Cohort description
Seventy one clinically diagnosed SLE patients, according to the American
College of Rheumatology (ACR) criteria with biopsy-proven LN, all from
Nephrology Clinics of University Hospital “Tzaritza Ioanna – ISUL”,
Medical University of Sofia were included in the study.
LN activity was defined according to the British Islet Lupus Assessment
Group (BILAG) renal score [23, 24]. All patients were divided into
four BILAG categories as follows: 23 patients (31.08%) with category A
LN, 24 patients (32.43%) with category B LN, 8 patients (10.81%) with
category C LN and 19 patients (25.68%) with category D LN. There were
no patients with category E LN in our cohort.

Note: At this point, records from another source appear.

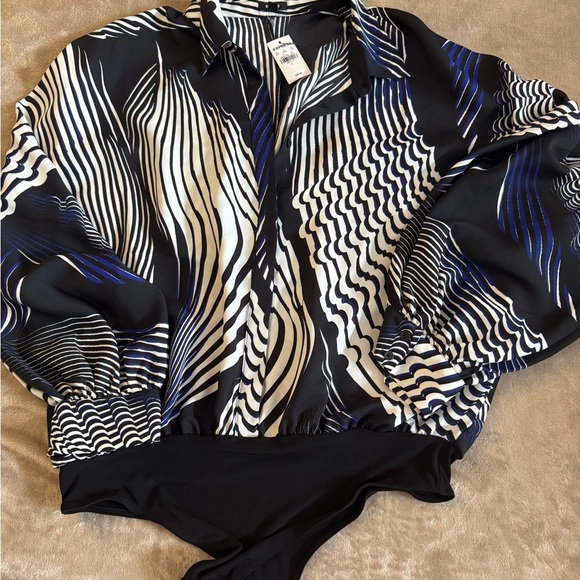Express Tops - Black and White Patterned Blouse with Blue Accents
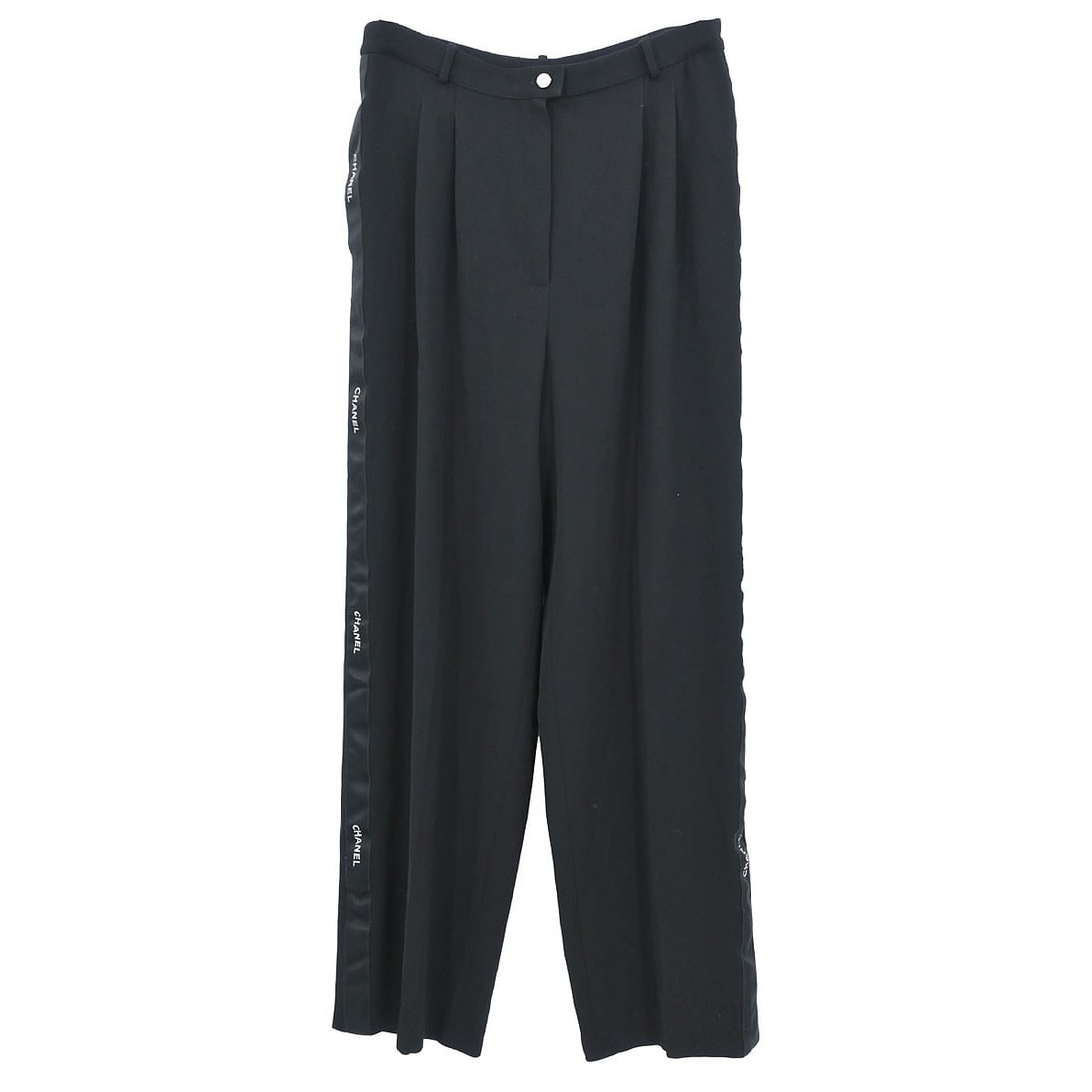 Chanel Black Wool Straight Pants Size 42 Vintage France: Chanel Black Wool Straight Pants Size 42 Vintage France These Chanel straight-leg pants are crafted from 100% wool in black, offering a classic and versatile addition to any wardrobe. Made in France,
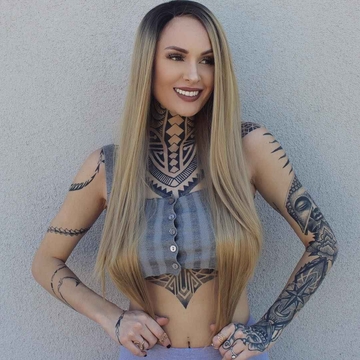 Modello tatuato Tessa Lizz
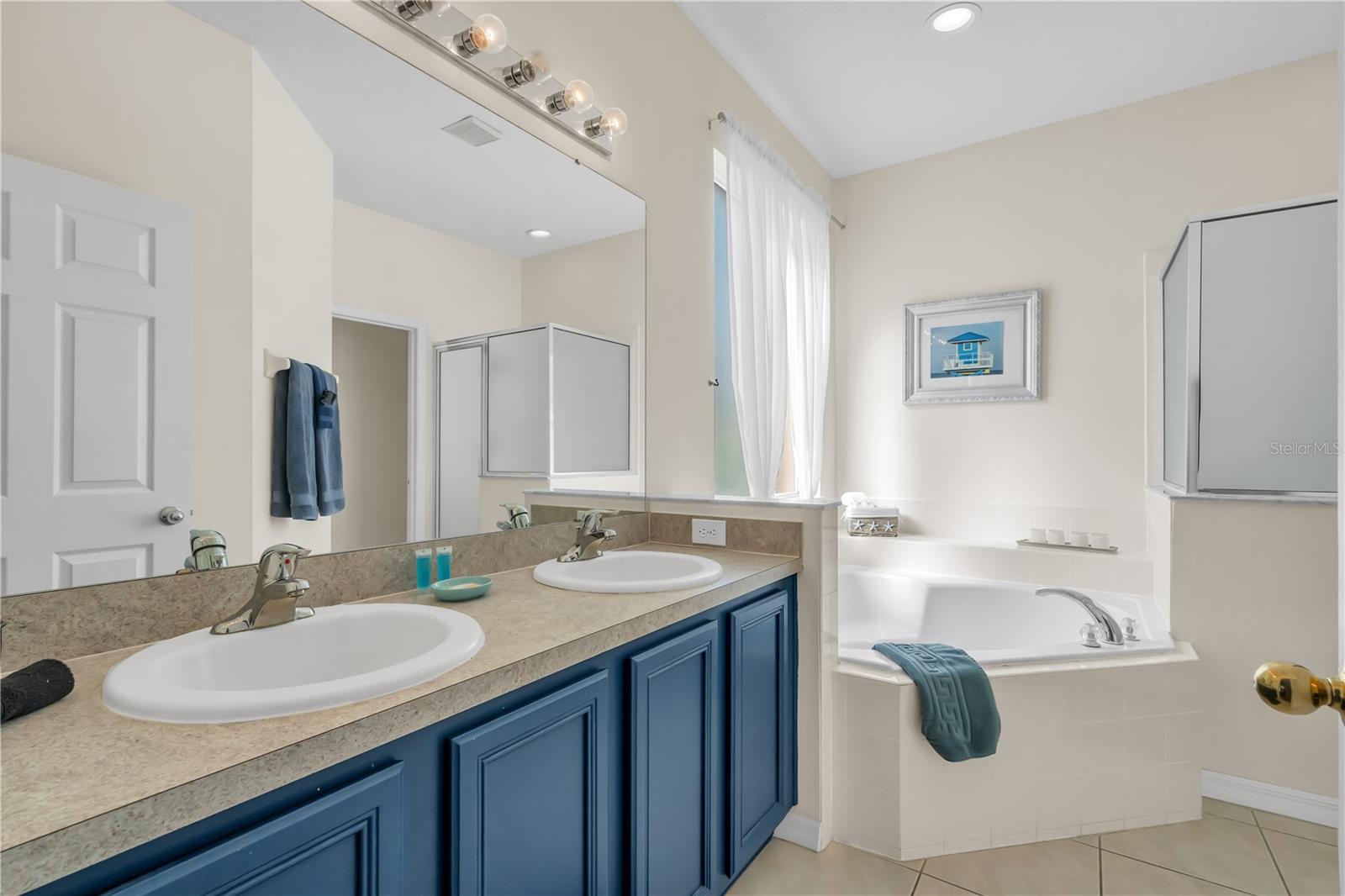 Image 33 of 47 For 2695 La Isla Court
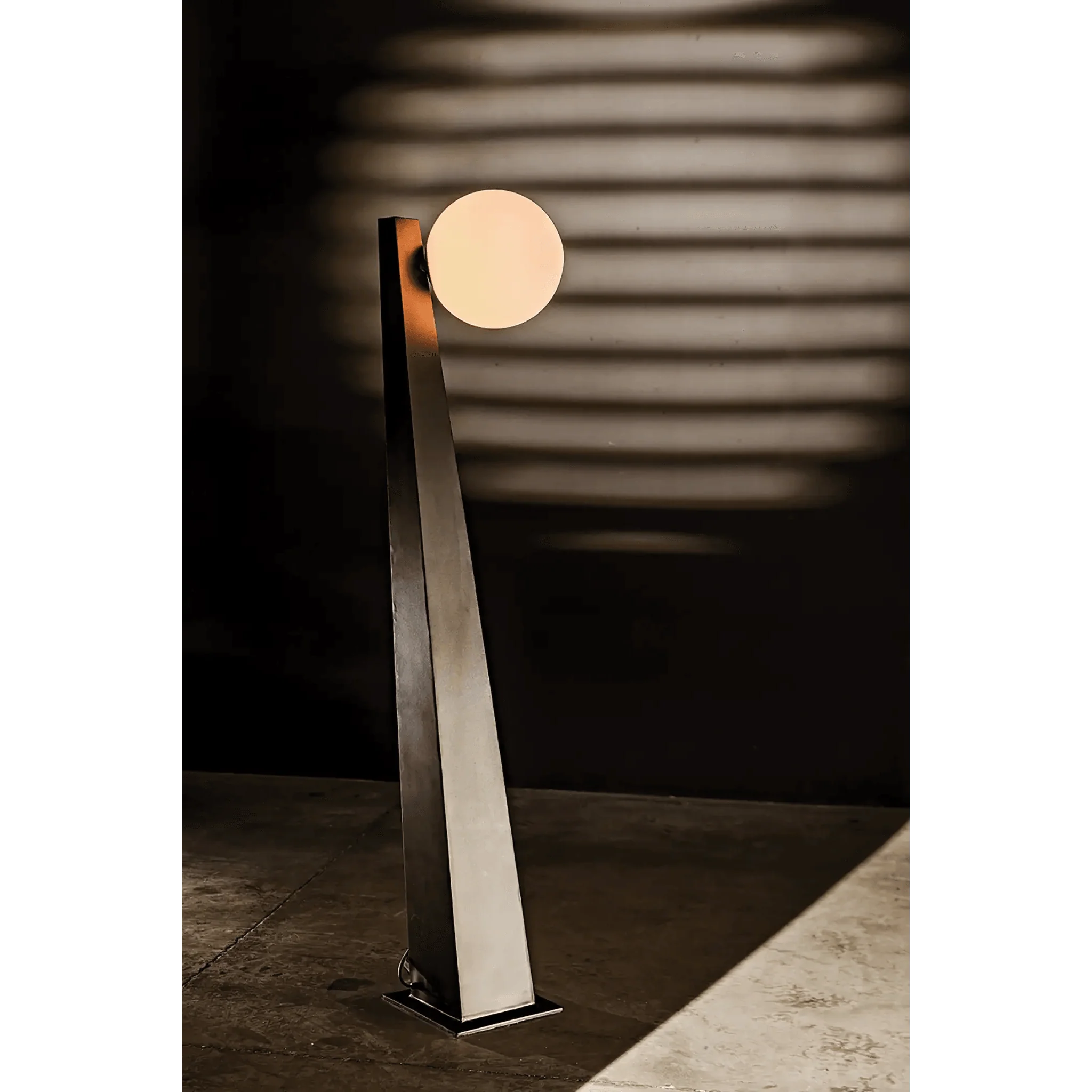 Roy Floor Lamp, Black Metal - Frankwebs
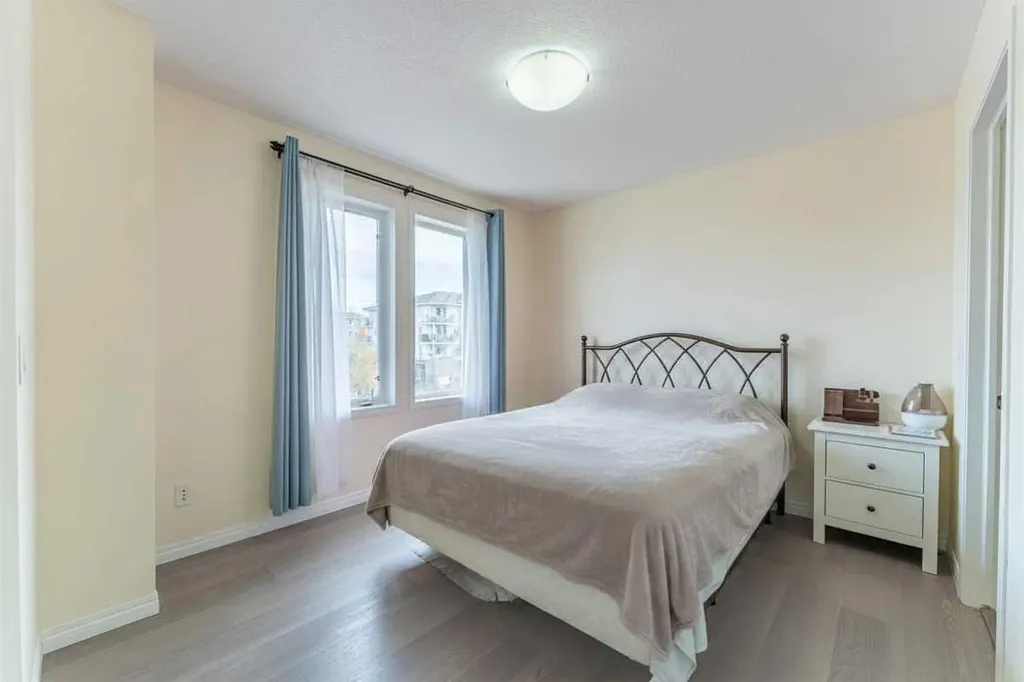 37 Auburn Bay Link SE Calgary AB T3M 0Y5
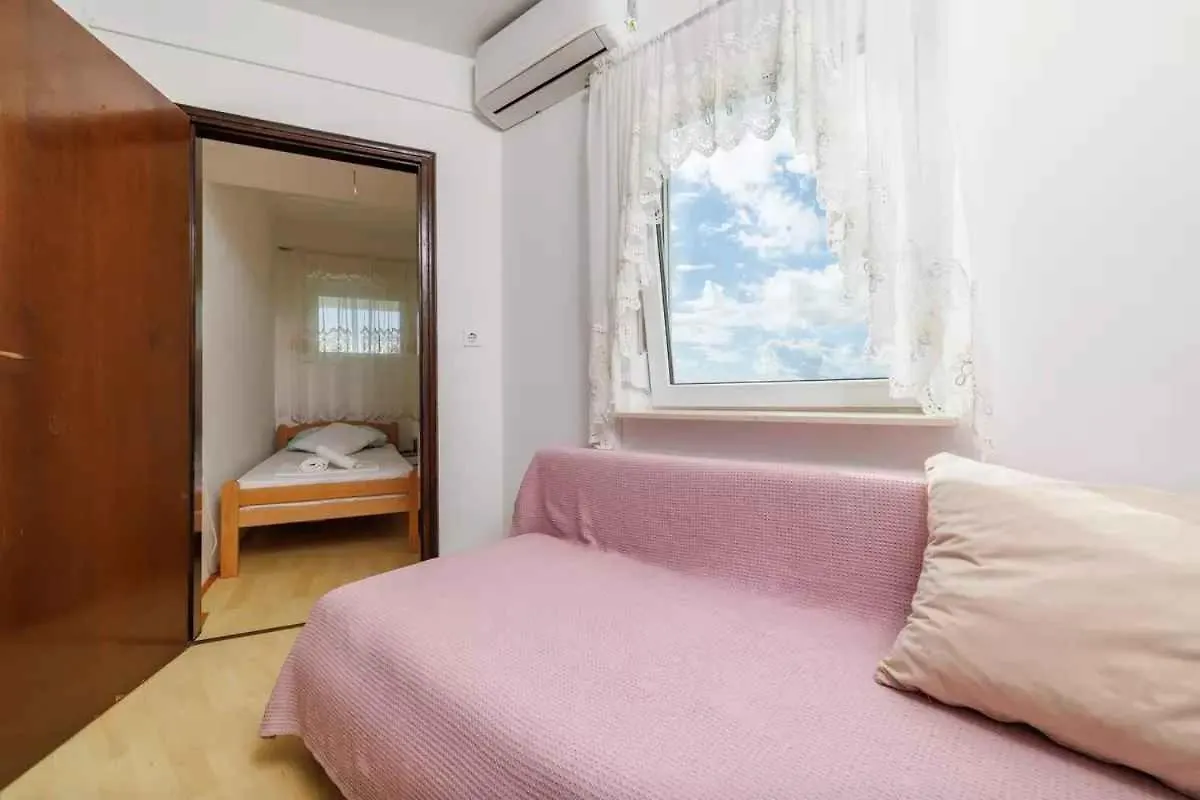 Apartment In Crikvenica 45904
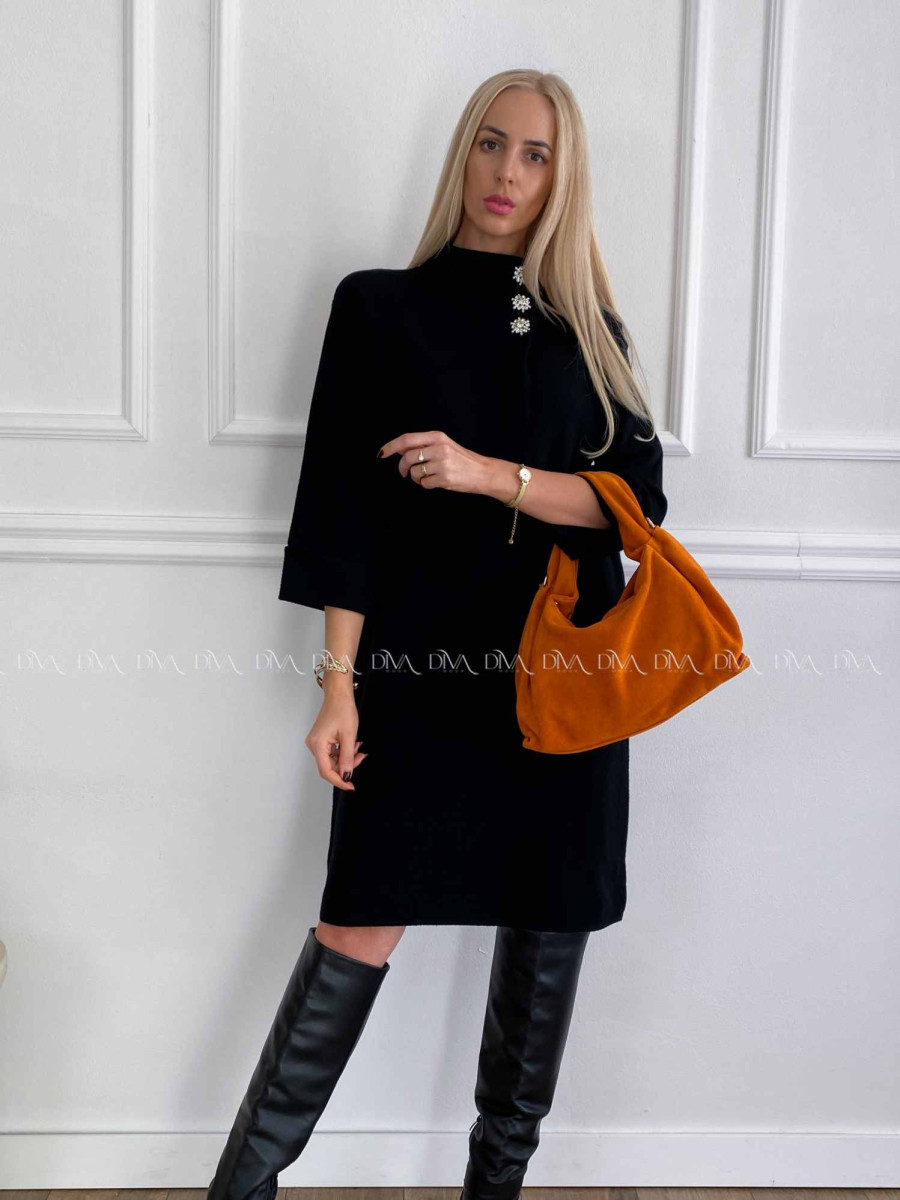 Úpletové šaty so štrasovými gombíkmi snow  čierne A 18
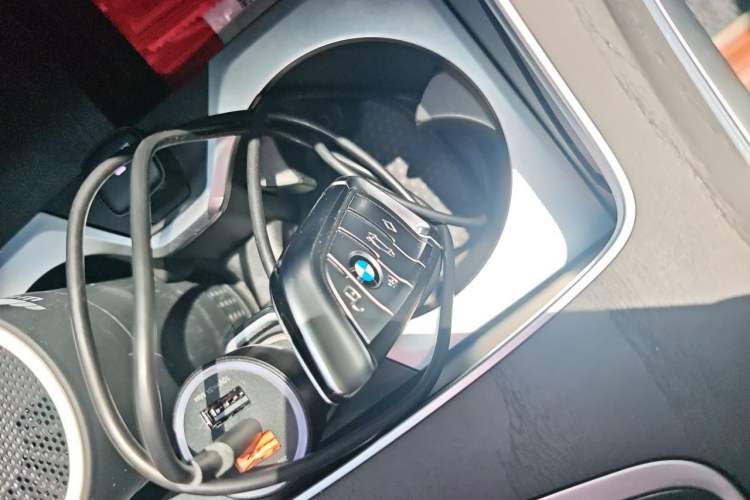 Used BMW X7 2021 xDrive40i Luxury Package with Leading Features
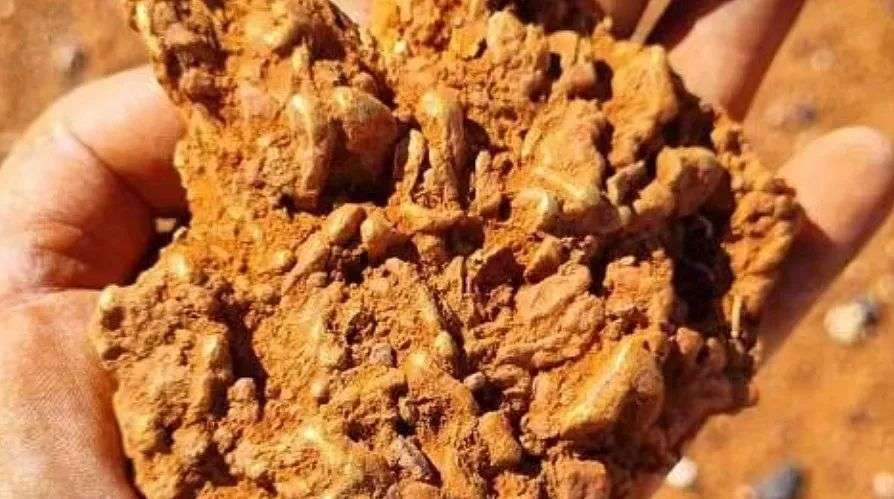 又有人在澳捡到大金块，价值约$16.5万！大批游客涌入淘金（组图） - 2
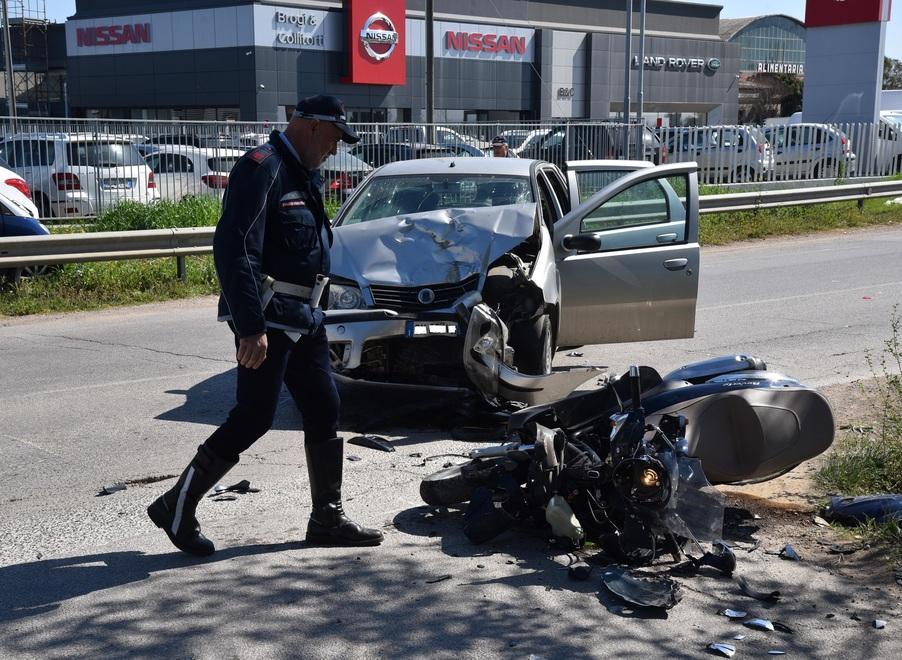Scontro auto-scooter 56enne soccorso dal 118 e operato a una gamba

The patients with biopsy-proven LN were also distributed according to
the LN classification of the International Society of Nephrology (ISN)
and the Renal Pathology Society (RPS) [25, 26] as follows: 4
patients (5.63%) had LN Class I, 23 patients (32.39%) had LN Class II,
7 patients (9.86%) had LN Class III, 25 patients (35.21%) had LN Class
IV, 11 patients (15.49%) had LN Class V, 1 patient (1.41%) had LN
Class VI.
The presences of antinuclear antibodies (ANA) were detected by indirect
immunofluorescence and levels of anti-dsDNA antibodies were tested by
ELISA (U/mL) in University Hospital “Tzaritza Ioanna – ISUL”– Sofia.
Pathologically elevated ANA titers (over 1:80) were found in 50 (69.4%)
of patients and pathologically elevated levels of anti-dsDNA were found
in 31 (40.8%) of patients.
The C4 and C3 complement components in plasma were measured by
immunodiffusion. Reference ranges for C3 were from 0.75 to 1.65 g/L, and
for C4 – 0.20 to 0.65 g/L. C3 hypocompletemia was detected in 14
(19.7%, 14/66). C4 hypocompletemia was detected in 28 (39.4%, 28/71).
Both C3 and C4 hypocompletemia were detected in 13 (19.8%).
Seventy two healthy volunteers, age and gender matched to the patients,
were included as a control group. All healthy volunteers were without
autoimmune and infectious inflammatory diseases, and without renal,
hepatic and haematopoietic dysfunctions.
The study had the approval of the Ethics Review Board of Medical
University of Varna (protocol №62/04.05.2017) and each patient and
healthy volunteer signed a consent form of enrolment.